The buzz over disappearing bees

From Monday's Globe and Mail

He's not a celeb and he's not making news, but if you value the fruit that's more than likely to be gracing your breakfast table this morning, listen up.

Steve Buchmann, adjunct associate professor of entomology at the University of Arizona in Tucson, is rather worried that fruit may soon be difficult to find.

He's slim, middle-aged, with the slightly awkward presentation and hesitant smile of someone who's not used to having other people take an interest in him. We are standing in a surprisingly lush flower garden, almost hidden by shrubs and fences in Toronto's Queen West village.

There's a children's party happening a few metres away, and Dr. Buchmann is explaining how utterly seductive a stand of black-eyed Susans can be, if you happen to be a bee. "And there's one now," he says excitedly, "a male, and I believe it's about to clutch onto that female."

"Oh dear," I think, "and at a children's party and everything."

This apian romance, however, goes unnoticed, except by Dr. Buchmann, who has spent a lifetime noticing bees and, more recently, noticing that there are rather fewer of them than there used to be (bees and other pollinators are responsible for much of the food we eat).

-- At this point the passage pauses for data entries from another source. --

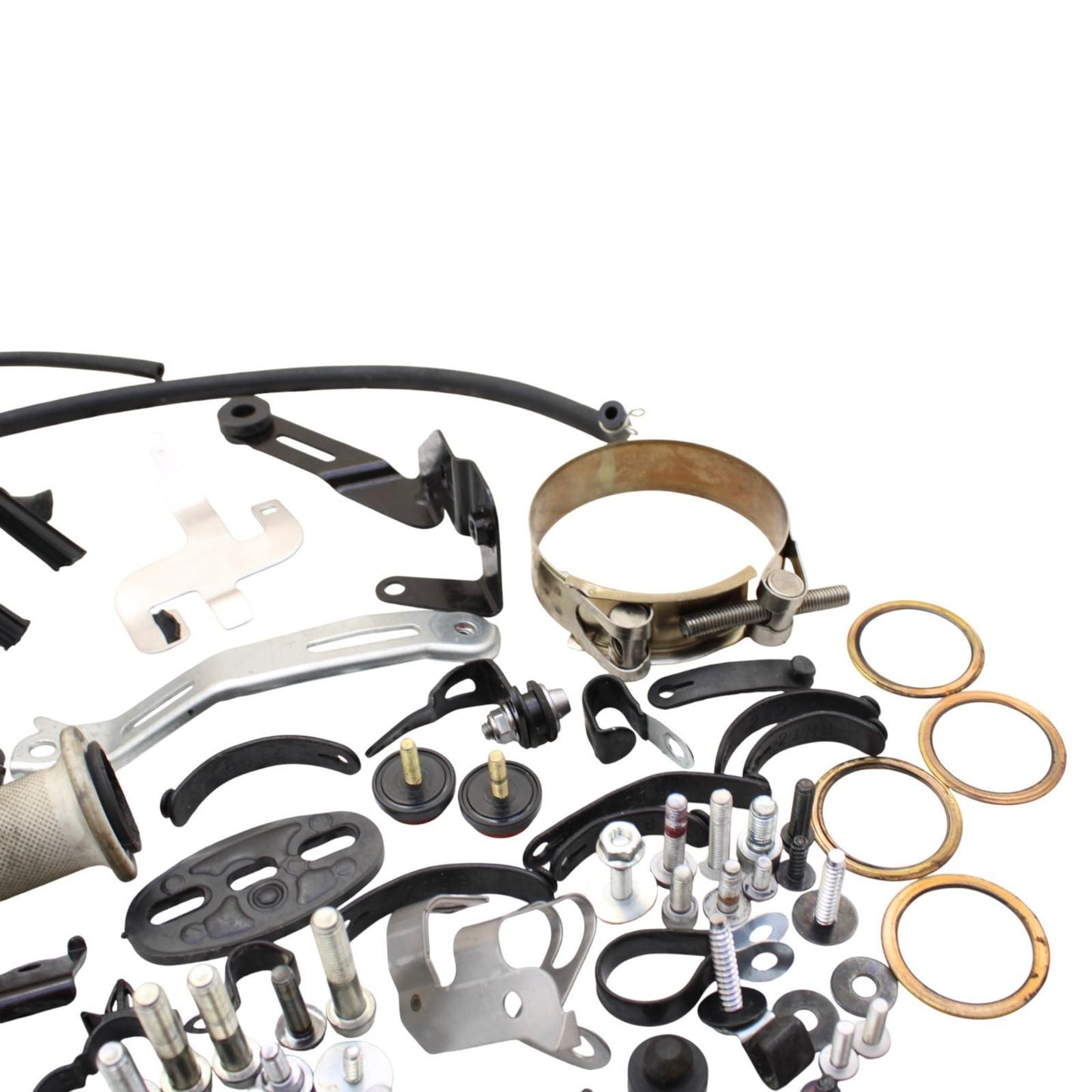 2021 - 2025 KAWASAKI NINJA ZX10R BOLTS ENGINE PARTS MOTOR SCREWS GRIPS HARDWARE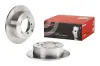 Bremsscheibe Hinterachse BREMBO 08.8316.20 Bild Bremsscheibe Hinterachse BREMBO 08.8316.20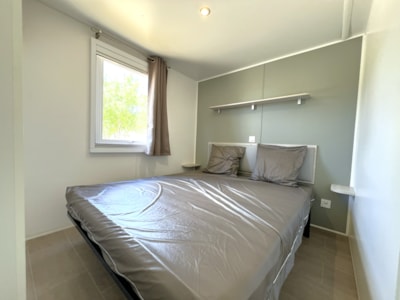 HomeFlower Premium 2 bedrooms Premium 29m² + terrace 21m² + air-conditioning+ Plancha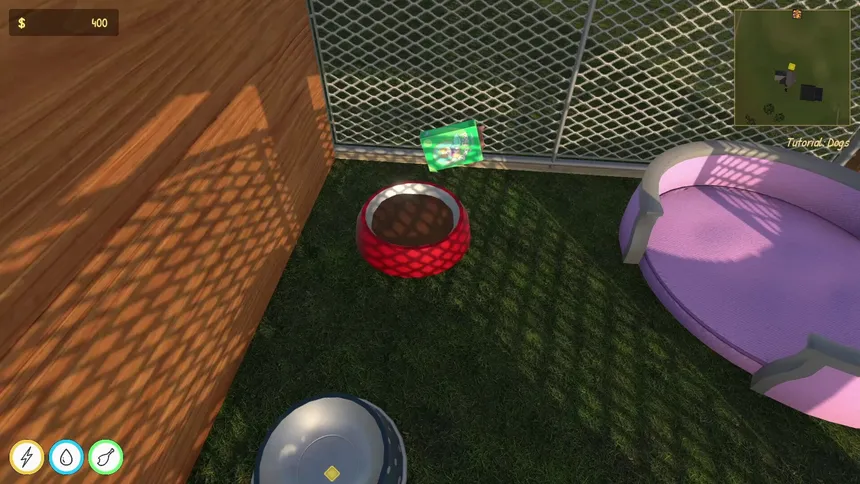 Скриншот 7 к игре Animal Trainer Simulator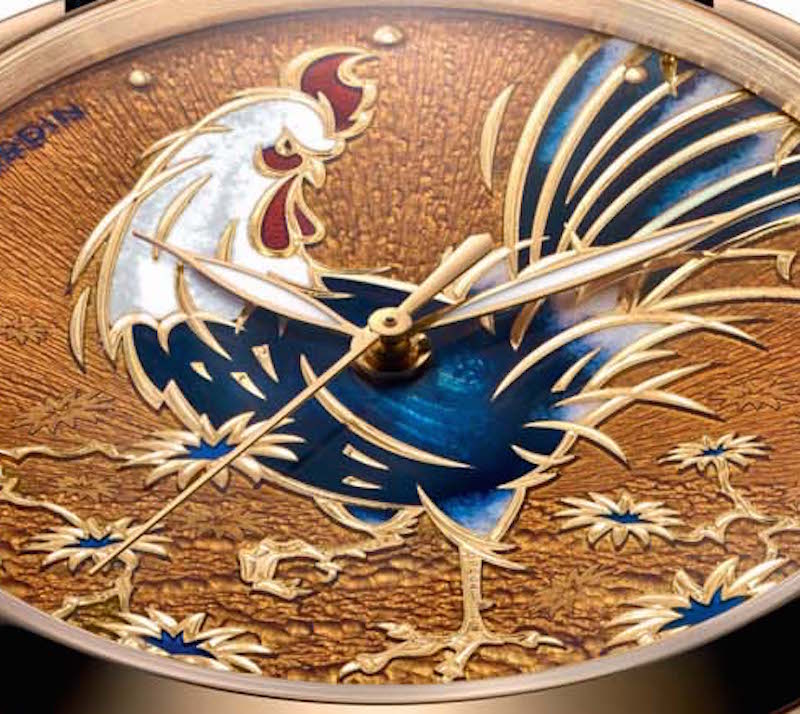 Ring in the Chinese New Year with Ulysse Nardin and Jaquet Droz Year of the Rooster Watches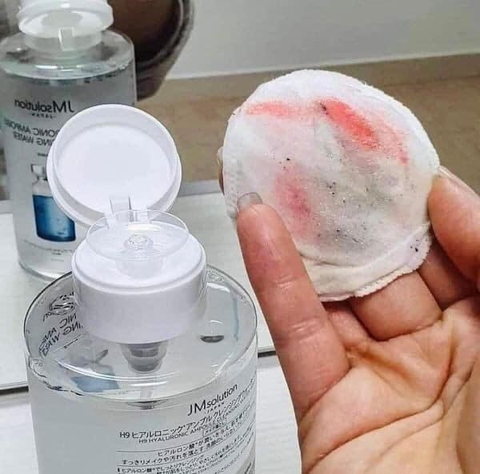 Tẩy trang JM 500ml (20ae)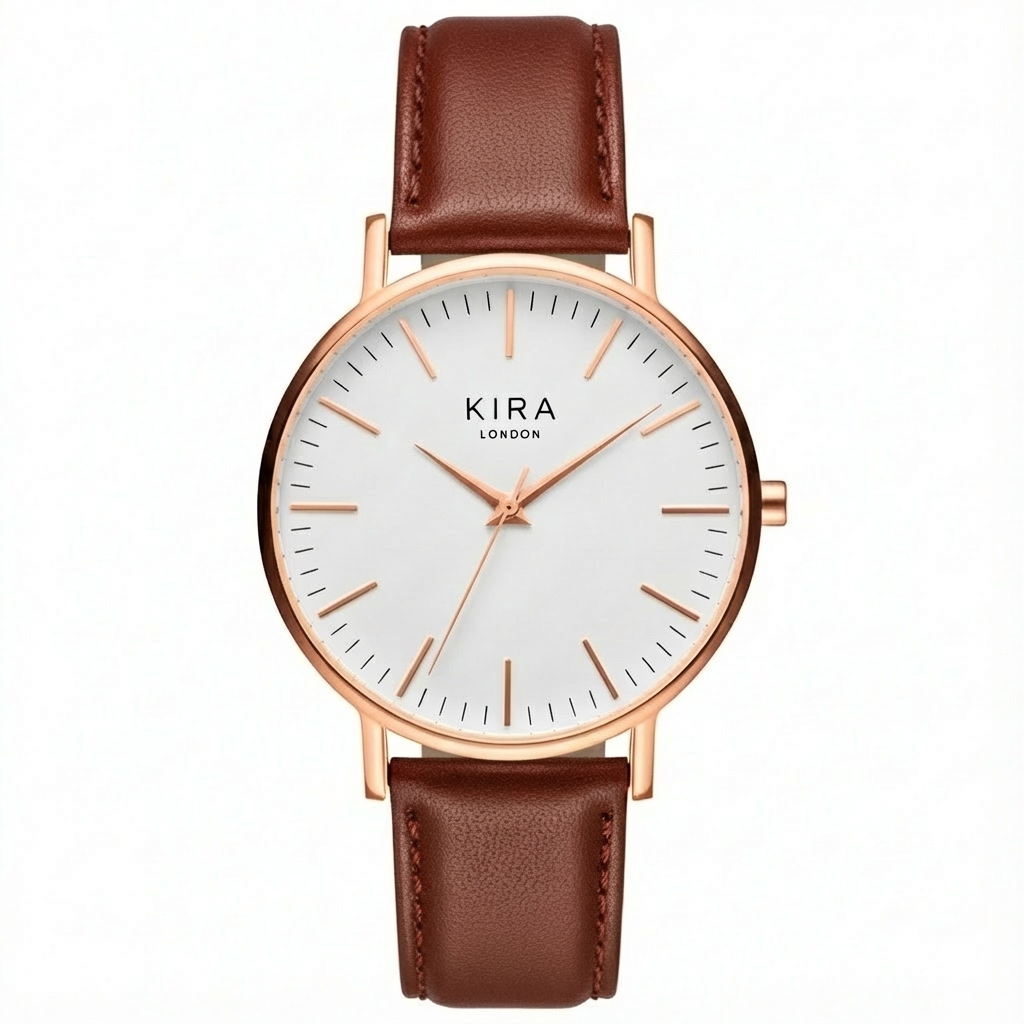 Classic Edenford Rose Gold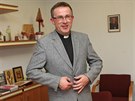 Generln vik a pomocn biskup Ostravsko-opavsk diecze Martin David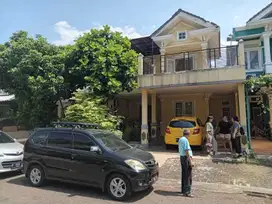 Rumah Kotawisata Cibubur BU P 131.24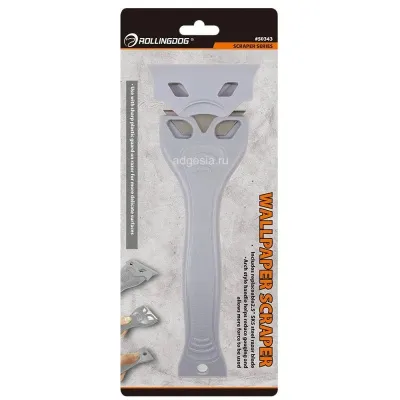 Скребок многофункциональный 3 в 1, Rollingdog (арт. 50343)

He has lived in only three places in the United States, he says, and all were places where bees are abundant. He's in Toronto to participate in a mixed-media installation project at the "new" gallery called Resonating Bodies - Bumble Domicile, led by composer and installation artist Sarah Peebles.

A photographer, writer and beekeeper himself, Dr. Buchmann is about to deliver a lecture titled The Forgotten Pollinators.

About 30 people will attend - but he is used to soldiering on in the face of marginal public interest.

But that's changing. He's fresh from Washington, where he and other scientists and beekeepers persuaded the U.S. Senate and 30 state governors to declare June 22-28 National Pollinator Week. They met with the House committee on agriculture to urge action on "what we're seeing as a potential pollinator crisis, in terms of Colony Collapse Disorder," the still mysterious affliction that results in beekeepers finding their hives empty, except for the queen and a few ailing workers, while the rest of the hive has gone somewhere else to die - very unbee-like behaviour.

Dr. Buchmann served on a U.S. National Academy of Sciences panel: "We spent 18 months looking at the status of pollinators in Canada, the U.S. and Mexico, and we found evidence for declines not just in honeybees but in other pollinators as well. ... We're seeing drastic declines in at least four species of native bumblebees, things that used to be extremely common."

Honeybees, which are different from bumblebees, are not native to the Americas - they came here with the European settlers (Dr. Buchmann says some first nations tribes referred to them as "white men's flies"). Transporting bees (bumble or otherwise) to agricultural sites needing pollination is big business - a fact that becomes known to most of us only when accidents happen, such as the incident at the end of last month when a flatbed truck carrying about 12 million bees out of New Brunswick overturned on the Trans-Canada Highway. Traffic had to be shut down in both directions until the understandably stressed insects could be rounded up.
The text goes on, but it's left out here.